Where Was A Christmas Story Filmed?
Bob Clark's "A Christmas Story" is perhaps one of the most notorious cases in history of a film that didn't quite find its audience right away. Released in November 1983 to only moderate commercial and critical success, the film didn't quite make the splash during its original year-end theatrical run that one might expect of a movie that has become all but synonymous with Christmas. Instead, its gradual consolidation into the holiday canon happened — fittingly enough — in people's living rooms, through home video and annual, highly-rated television marathons that turned "A Christmas Story" into a sort of all-encompassing holiday tradition.
Today, it's hard to think of a film that encapsulates the possibilities of Christmas cinema more perfectly and demonstratively. Based on the semi-autobiographical stories of American comedian Jean Shepherd, who also narrates the film, "A Christmas Story" offers an ideal blend of edginess and sweetness, snark and sincerity, wit and warmth. Its evocation of childhood in 1940s Indiana is unparalleled in its honesty and level of detail, and the plot about a boy's (Peter Billingsley) quest to get a Red Ryder 200-shot BB gun as his Christmas present still rings as quaintly subversive more than 40 years later.

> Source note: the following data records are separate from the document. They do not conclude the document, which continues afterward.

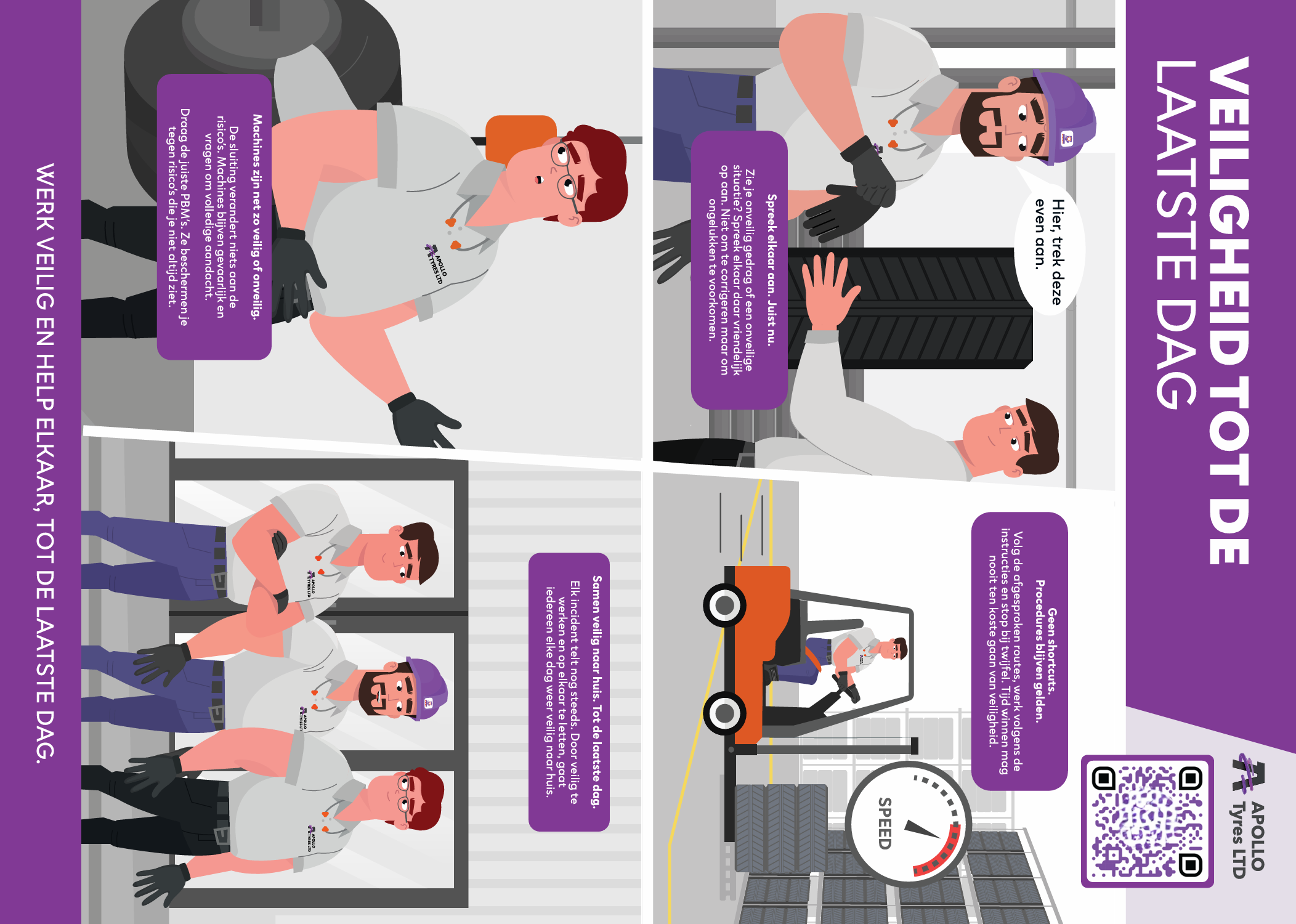 Apollo campagneposter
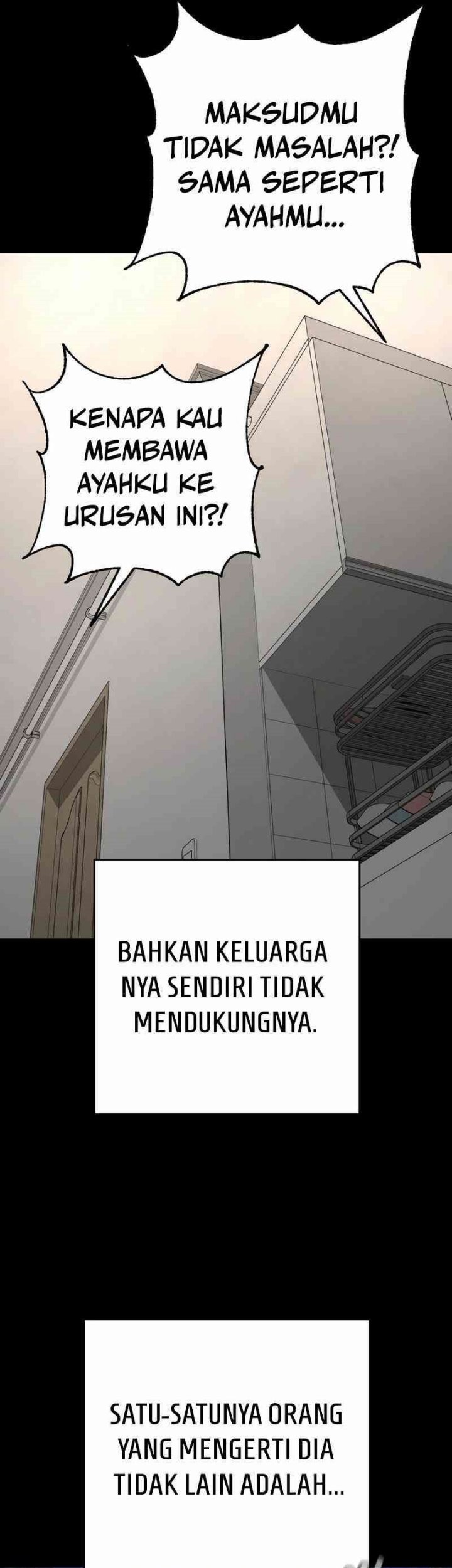 Return of the Bloodthirsty Police Chapter 96 - Halaman 45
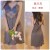 2744 Moran Grey (Sleeping Dress)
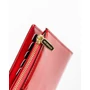 Kép 7/8 - Peterson Női Pénztárca Ptn 004-Lak-9604 Red-Black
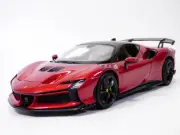 FERRARI SF90XX stradale rouge 1/18 2024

Although the fictional town of Hohman, Indiana is crucial to the film's sense of acid-washed nostalgia, "A Christmas Story" was not, as it turns out, actually shot in Indiana — nor was its 2022 sequel "A Christmas Story Christmas." Read on to find out where both "Christmas Story" films was actually filmed.

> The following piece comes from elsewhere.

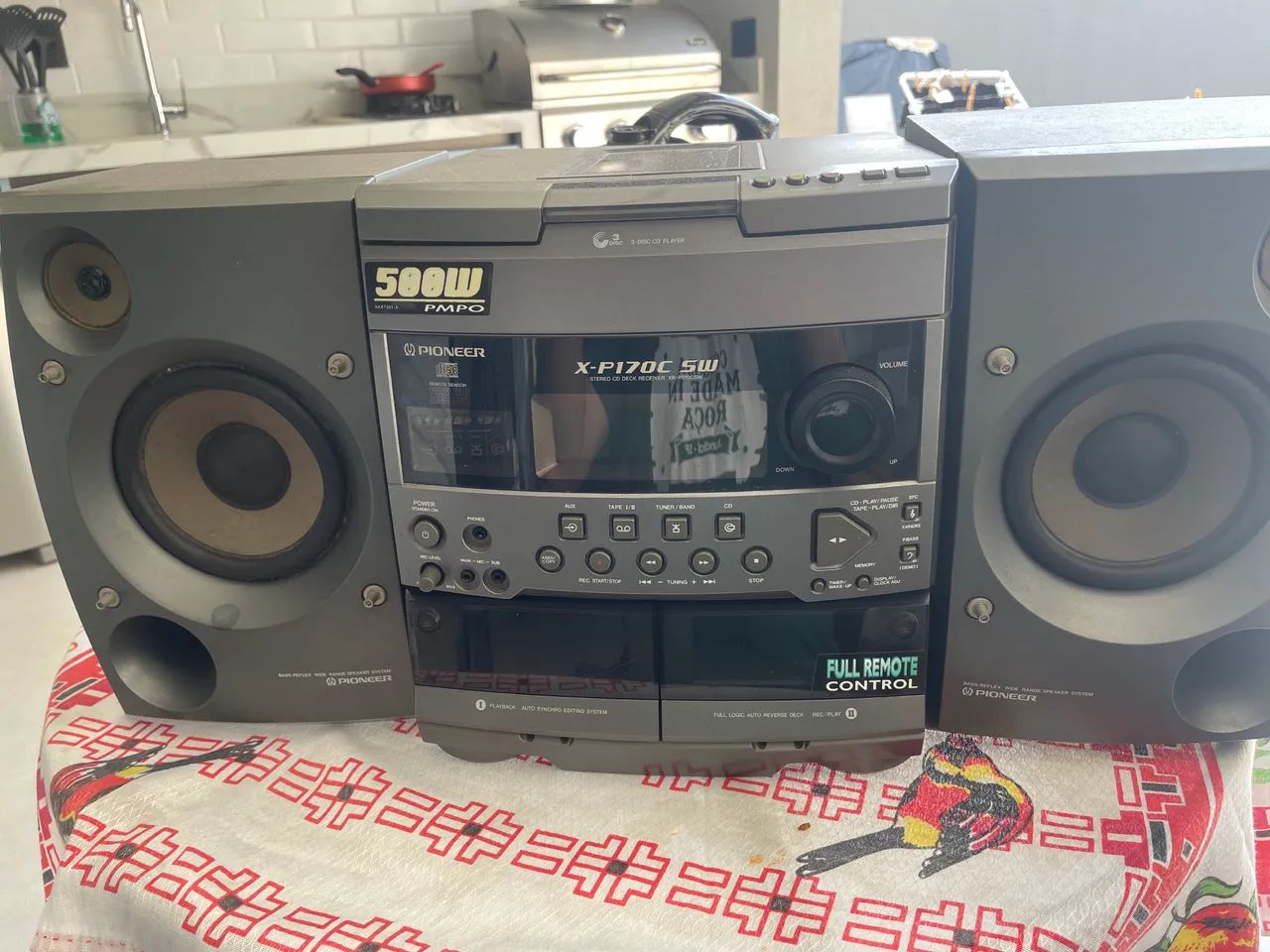 Micro system Pioneer X-P170C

A Christmas Story was shot in Toronto and Cleveland
"A Christmas Story" largely takes place within the home of the Parkers. A Metro-Goldwyn-Mayer production, the film shot most of its indoor scenes on a studio soundstage in Toronto, Canada. In fact, although Bob Clark, Jean Shepherd, MGM, and the characters in the movie are all American, "A Christmas Story" was considered a Canadian co-production at the time, even qualifying for the 5th Genie Awards (Canada's highest film honor prior to its merger into the Canadian Screen Awards), where it snagged nine total nominations and took home awards for best direction and best screenplay.
As for the location scenes, some of the most significant ones were shot in the United States — not in Indiana but in Cleveland, Ohio. The outside of the Parkers' home used an actual home in Tremont, which has since been restored to its film look and opened for the public as a tourist spot. The scenes in and around the Higbee's store in which Ralphie gets his first glimpse at the rifle were shot in the real Higbee's store on Public Square, before its rebrand as Dillard's.

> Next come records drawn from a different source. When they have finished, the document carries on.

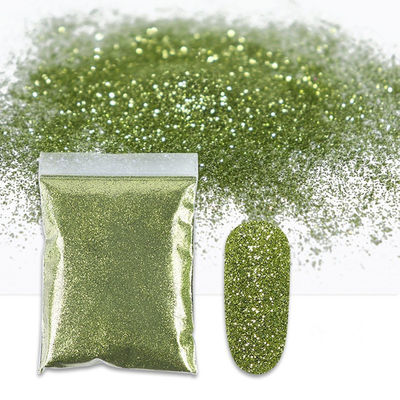 Excellent Nail Art Effect Bio-Degradable Glitters Cosmetic with Eco-friendly Biodegradable Glitter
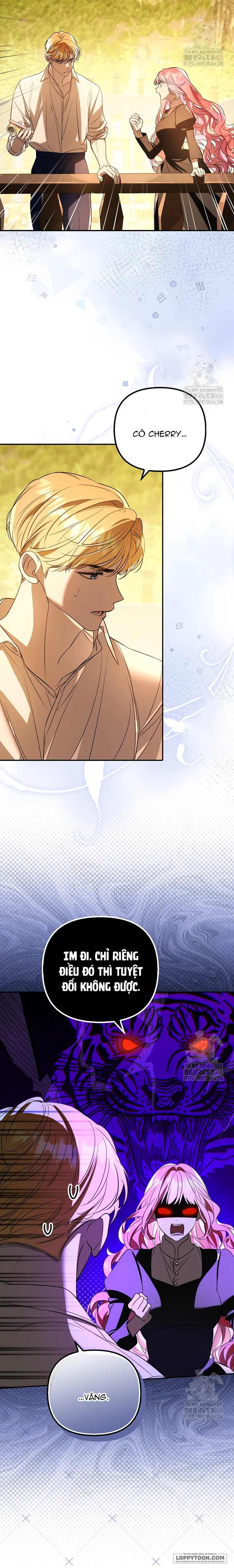 Những Nam Chính Bị Mắc Kẹt Trong Nhà Của Tôi - Chap 26 - Trang 16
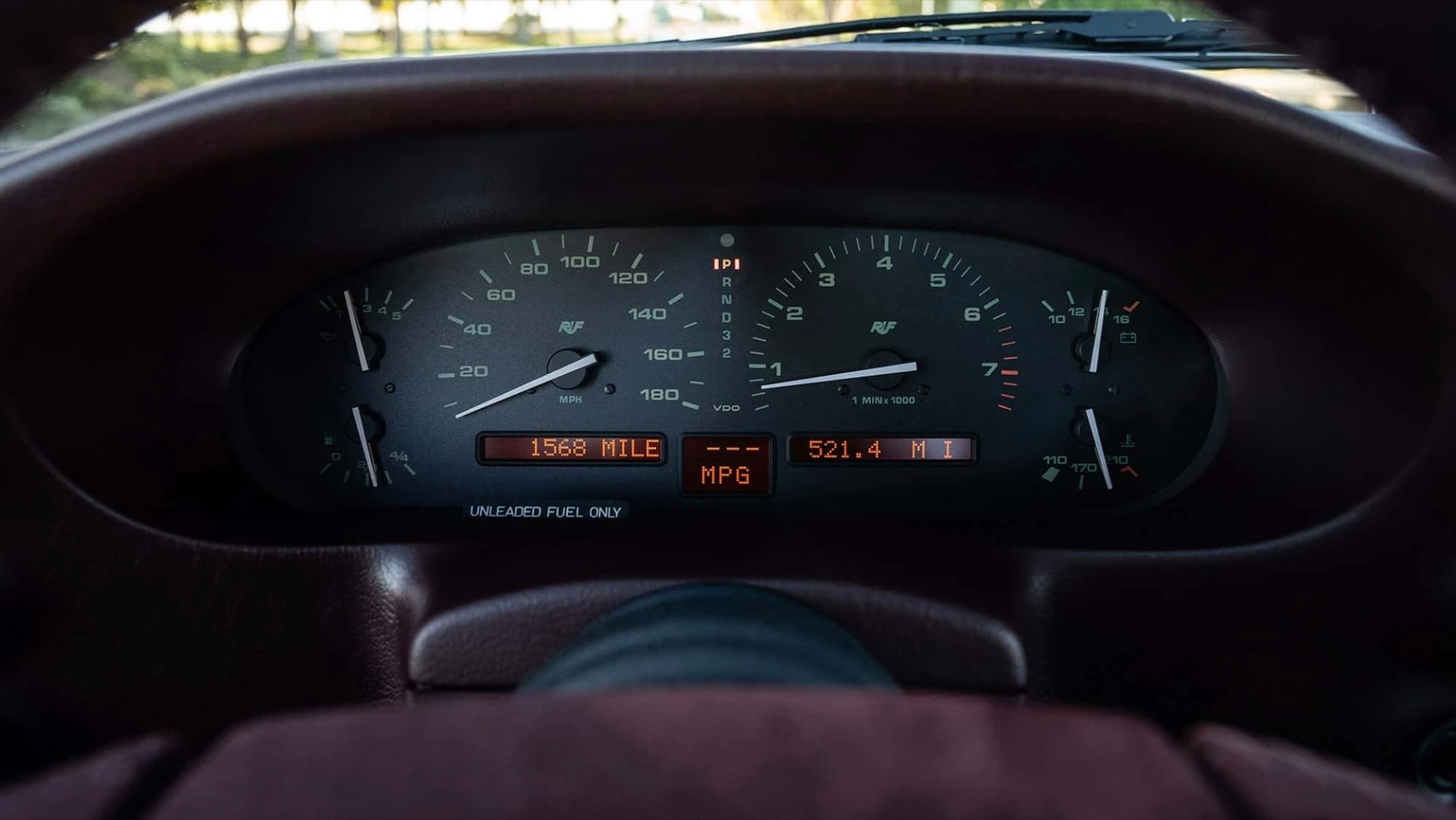 车市热门 Ruf打造的保时捷928R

Other location scenes, meanwhile, were shot back in Toronto. The since-closed Victoria School stood in for Ralphie's school, the bridge on which Ralphie and his father (Darren McGavin) change a tire is the Cherry Street Bridge in Port Lands, and the Bo ling Chop Suey Palace is an establishment in East Chinatown, since replaced by a French restaurant.
A Christmas Story Christmas also filmed in Bulgaria and Hungary
"A Christmas Story" actually had three sequels: 1994's "My Summer Story" aka "It Runs in the Family," also directed by Bob Clark and starring Kieran Culkin as Ralphie; 2012's widely-hated direct-to-video effort "A Christmas Story 2," which featured none of the original cast or creative team; and finally "A Christmas Story Christmas," which brought back much of the original cast and premiered on HBO Max in 2022.
Each of those acts as a standalone continuation that ignores the previous sequel attempts, essentially creating a "choose your own adventure"-type continuity in which "A Christmas Story" fans can select their preferred sequel. Naturally, the most popular and beloved one nowadays is "A Christmas Story Christmas," which functioned as a proper, reverential legacy sequel, full of Easter eggs and small details you may have missed.
Indeed, the effort to honor the cultural imprint of "A Christmas Story" extended to revisiting some of the film's original locations in the process of re-assembling the fictional town of Hohman. The Higbee's department store in Cleveland was seemingly once again used, as were some of the Toronto spots. Notably, the production of "A Christmas Story" also added two European locations into the fold. Many scenes were shot in Sofia, Bulgaria, not only on location — the better to take advantage of the snowy weather — but on constructed sets, which were cheaper to build there than in Los Angeles. And some additional production was done in Hungary.